I can list ten books that influenced me as a writer more easily than I can list my top ten films. I intend to go more into how each book influenced me later (which I've done in part elsewhere, e.g. in interviews). So here goes (not in order):
1. Howl by Allen Ginsberg
2. Anthology of Concrete Poetry edited by Emmett Williams
3. Text-Sound Texts edited by Richard Kostelanetz
4. Tjanting by Ron Silliman
5. The Crystal Text by Clark Coolidge
6. Words by Robert Creeley
7. Things Stirring Together or Far Away by Larry Eigner
8. My Life by Lyn Hejinian
9. A Season in Hell by Arthur Rimbaud (Louise Varese translation)
10. 45 Mercy Street by Anne Sexton (first full-length book of poetry I read, right before I found Howl -- The main book store in Manitowoc, Wisconsin had but four books of poetry in 1975: Howl, 45 Mercy Street, The Collected Shorter Poems of W. H. Auden, and What Thou Lovest Well Remains American by Richard Hugo.

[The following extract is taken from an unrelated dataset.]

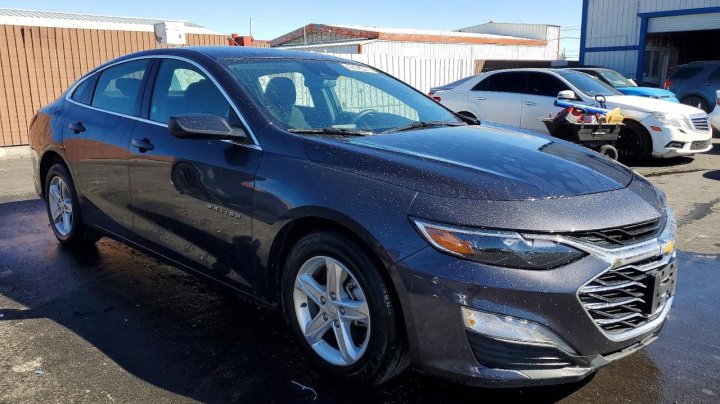 Chevrolet Malibu  2023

Those were the first four books of poetry I owned.)
That was actually a lot harder than I thought it would be. I went with ten books that came immediately to mind. Many, many titles left out. I also realized a number of journals influenced me, e.g. Karl Kempton's Kaldron, This, Hills, O.ARS, Poetics Journal, Tom Beckett's The Difficulties, especially the Silliman, Bromige, and Bernstein issues, and though he's not a book (yet) or a journal, mIEKAL aND opened my eyes wider than anything else I encountered before I was 20.
For this kind of list, I tag Mark Young, Eileen Tabios, Tom Beckett, Richard Lopez, and Geof Huth.